Sem diminuir o ritmo da agenda de campanha, o tucano e sua equipe intensificaram atos políticos em colégios eleitorais estratégicos. Entre um compromisso e outro, recordava o que apelidou de “a noite do chorinho”. Nas raras vezes em que dormia em casa, o choro dos recém-nascidos Julia e Bernardo o levava a passar noites em claro. Desde o nascimento dos filhos gêmeos, latas de energético foram promovidas a itens de primeira necessidade.
Na estratégia de campanha, a equipe de conselheiros do tucano também teve de reajustar seguidas vezes os rumos do discurso a ser apresentado ao eleitor. Depois de apontar a ex-senadora Marina Silva como uma ex-petista e afirmar que necessariamente se tornaria oposição em um eventual governo dela, Aécio foi aconselhado a construir pontes com a adversária. Amenizou imediatamente o tom das críticas à concorrente e instruiu interlocutores a buscar o apoio daquela que seria a terceira colocada no primeiro turno das eleições.
Confirmado no segundo turno, pôs sobre a mesa novas metas de campanha: abrir 3 milhões de votos de vantagem em Minas Gerais frente à petista Dilma Rousseff. Aliado de primeira hora, o senador eleito Antonio Anastasia (PSDB) telefonou pessoalmente para mais de 300 prefeitos para pedir apoio. Derrotado na corrida pelo Palácio Tiradentes, o ex-ministro Pimenta da Veiga conversou com outras 200 lideranças. Precisavam acabar com o discurso petista que aproveitou a derrota do tucano em Minas no primeiro turno para explorar a tese de que “quem conhece não vota em Aécio”. No front de negociações com Marina, traçou como objetivo captar pelo menos 60% dos 20 milhões de votos conquistados pela ex-senadora.
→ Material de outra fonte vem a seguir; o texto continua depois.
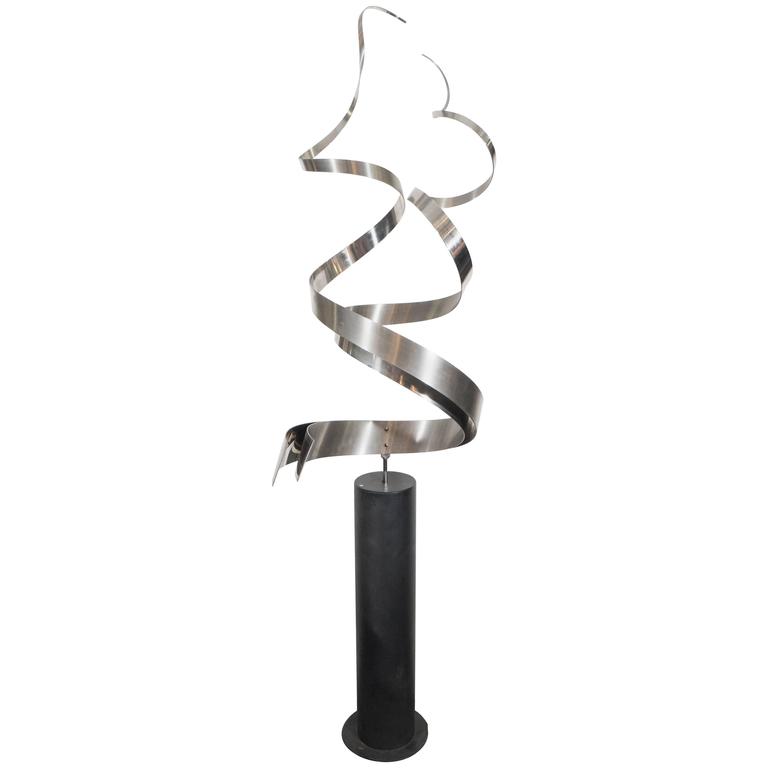 Large Curtis Jere Steel Ribbon Sculpture on Wrought Iron Base, Signed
No último mês, com o acirramento dos ataques do PT, Aécio Neves determinou a elaboração de um pacote de propagandas críticas aos 12 anos de governo petista e partiu para uma campanha de enfrentamento que teve seu ponto alto no debate promovido pelo SBT, no dia 16. Preparou-se para minar críticas do PT ao economista Armínio Fraga e, de posse de pesquisas qualitativas que confirmavam que o eleitorado assimilara que há corrupção na Petrobras, martelou o escândalo do petrolão em cada discurso. Mas novos levantamentos apontaram que o eleitor rejeitava os ataques mais duros. Pelo menos 32 peças publicitárias já gravadas pelo PSDB foram descartadas.
Nos últimos dias antes de enfrentar as urnas, um novo baque. Aécio revelou que estava “magoado” de ter sido atacado tão duramente pelo ex-presidente Lula, político com quem mantinha uma relação amistosa. Antigo parceiro do petista no time de futebol organizado por parlamentares ainda nos anos de 1980, Aécio se recusava a responder ao ex-presidente – até porque levar Lula e sua popularidade para o debate direto era tudo o que o PT queria. Na última semana, irritado, quebrou o silêncio quando o ex-presidente o chamou de "playboy" e disse que ele era agressivo com mulheres. “Lamento que um ex-presidente da República se permita cumprir um papel tão inexpressivo como o que ele vem cumprindo. Ele apequena sua biografia com ataques torpes e absurdos”, disse. Foi à TV e usou mais de um programa eleitoral para rebater o terrorismo eleitoral propalado pelo PT nos rincões e reagiu aos ataques pessoais desferidos por Lula. Despediu-se com a frase que seus apoiadores adotaram: "Vou libertar o Brasil do PT".